Please refer to FIG. 1, which is a schematic cross-sectional view of a wet pulp body or a paper-shaped object manufactured by the conventional pulp molding process. Generally, the conventional pulp molding process comprises a pulp-dredging step and a thermo-forming step. In the pulp-dredging step, a pulp-dredging stage 1 is applied to move and dip a mold die 2 into at least one slurry tank (not shown) which is used to store wet paper slurry in liquid. The raw material kind of the paper slurry commonly consists of specific plant fiber, water, other raw materials, and so on. Then, a part of the wet paper slurry is dredged from the slurry tank by the mold die 2 to accumulate a wet pulp body or a very rough paper-shaped object 5 correspondingly onto an upper surface of the mold die 2.

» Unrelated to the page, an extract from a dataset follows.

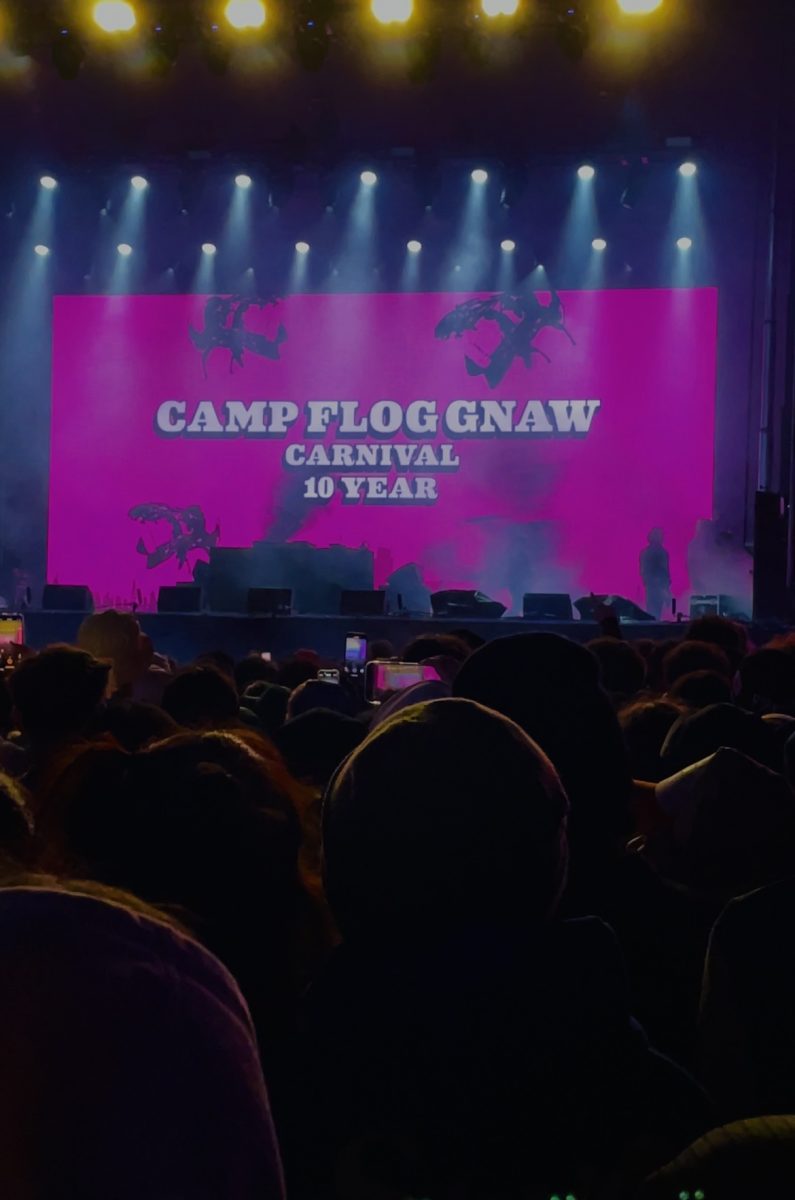 Camp Flog Gnaw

After the pulp-dredging step of dredging up the wet pulp body/paper-shaped object 5 by the mold die 2 from the paper slurry, a little of the wet pulp body may be accumulated above an opening of a shallow cave/groove 3 formed with the wet pulp body 5, to constitute a crosslinking portion 4 (or so-call “bridging”) as shown in dotted lines covering the opening of the cave/groove 3, since most of the wet pulp body contains long-length fibers (over 2 mm) which are floated above a narrow/tiny cavity on the mold die 2 correspondingly to the shallow cave/groove 3 so that a crosslinking effect occurs thereabove; especially in the manner when the cave/groove 3 of the wet pulp body 5 needs to be shaped in a thinner cross-sectional width (i.e. below 8 mm) or a deeper depth (as over 8 mm). In actually, the crosslinking effect may occur on two opposite sides of the thinner cross-sectional width of the cave/groove 3.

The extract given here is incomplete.